I leave them in place in situations where the assertion condition depends directly on untrusted data. As an example, say the application recv()’s data from the peer, and then does ASSERT(recvd_data[3] == 0x20). It is important to leave this ASSERT in; it implies that the client can force an abort() on the server (or vice-versa); this can be considered a security issue.
But there are also ASSERTs that rely on variables within an internal data structure. I typically fill these data structures with fuzzer input. Rather than manually ensuring that these variables are valid and coherent with regard to the application’s logic, I simply change the ASSERTs that rely on this validity into ‘return’ where possible (and free objects, where applicable).
I’ve used libFuzzer combined with AddressSanitizer (ASAN), UndefinedBehaviorSanitizer (UBSAN) and MemorySanitizer (MSAN). ASAN cannot be combined with MSAN, and moreover MSAN does not work with libFuzzer (due to the apparent use of uninitialized memory within libFuzzer itself). So the way to go is to generate a corpus with the fuzzer, and then execute each of the resulting inputs with a MSAN-enabled standalone version.
There are various discrete components in OpenVPN that together constitute the application. There is an extensive suite of functions to deal with data buffers (buffer.c, buffer.h), an extensive option parser (options.c — parses the configuration file, command line arguments as well as commands pushed by server to client), a base64 encoder/decoder, etc.
Thanks to this relative modularity in OpenVPN it has been possible to use and abuse these components as if they were an API with relatively little effort.
My approach for testing all of these API-like components is as follows:
(assume 3 functions to be tested)
Get a number from the fuzzer input data in the range 0 – 2.
Call either of the three functions based in the number
Provide each function with parameters derived from the input data where dynamic parameters are required
Repeat the above process a number of times (for example (for i = 0; i < 5; i++) { … })
This will cause an ever-permutating sequence of invocations. Essentially the coverage surface becomes (near-) absolute, that is to say, (almost) every conceivable way to use the API is a contender to be tested via this algorithm.
This approach is especially useful to test the functions that operate on the same structure. If there exists any sequenced set of functions that would cause memory violations, this setup is bound to find it. Of course, the actual use of any group of functions within the application is only a small subset of all permutations and parameters that the fuzzer sets out to test, and any mishaps the fuzzer finds for very particular circumstances may not actually occur within the code. But it is nonetheless good to know, because:
If you know that a certain sequence of calls and their parameters will lead to memory corruption, you can now perform a manual code analysis to see if this situation occurs.

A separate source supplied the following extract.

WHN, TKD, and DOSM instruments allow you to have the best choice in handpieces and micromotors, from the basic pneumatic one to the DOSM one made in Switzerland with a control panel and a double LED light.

Corner-case API bugs that are not invoked now, may become manifest in the future once code (with calls to the API) is added that does trigger these bugs.

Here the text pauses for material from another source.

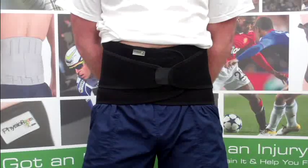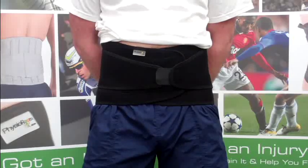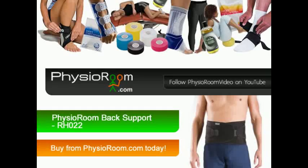This back support is available in sizes small to extra extra large. So, order your PhysioRoom.com Elite Back Support today!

In MSAN-enabled builds I serialize the output structure (if there is one) to /dev/null. For example, the options parser stores all its data in a struct options variable. MSAN does not immediately report the use of uninitialized data; it only does so if it is used in conditions that lead to branching (if (x) …) or when the data is used for I/O.
Hence, by serializing this data to /dev/null (normally a no-op), I force MSAN to detect uninitialized data. In C, there is no automatic way to serialize nested data structures (struct A contains a pointer to struct B etc), so for some structures I had to manually make a serialization stack of functions.
Limited fuzzing on a 32 bit platform has also been performed. This did not find any issues that do not occur on 64 bit.